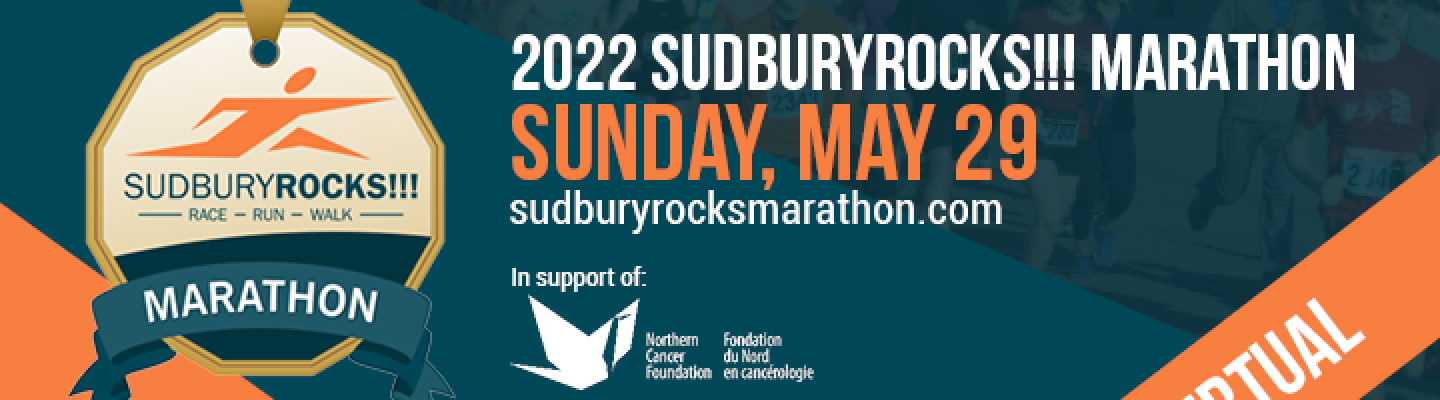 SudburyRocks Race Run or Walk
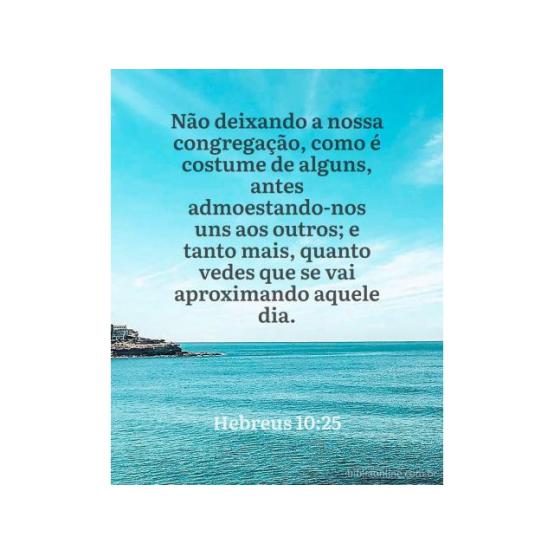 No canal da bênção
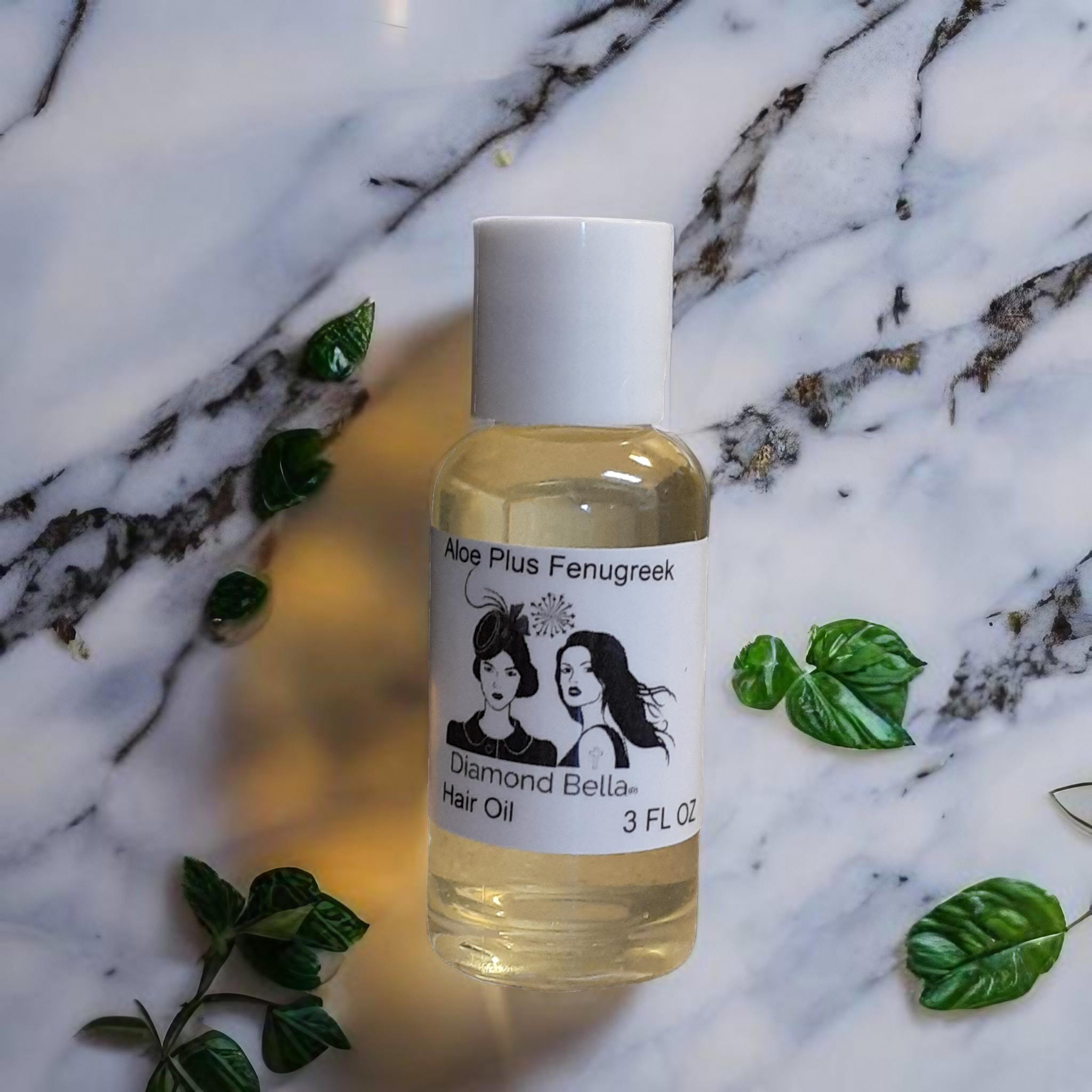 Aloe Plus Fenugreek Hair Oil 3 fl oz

■ Prompt
Omit the pictures. Repeat the rest of the data exactly.

■ Written solution
 SudburyRocks Race Run or Walk
 No canal da bênção
 Aloe Plus Fenugreek Hair Oil 3 fl oz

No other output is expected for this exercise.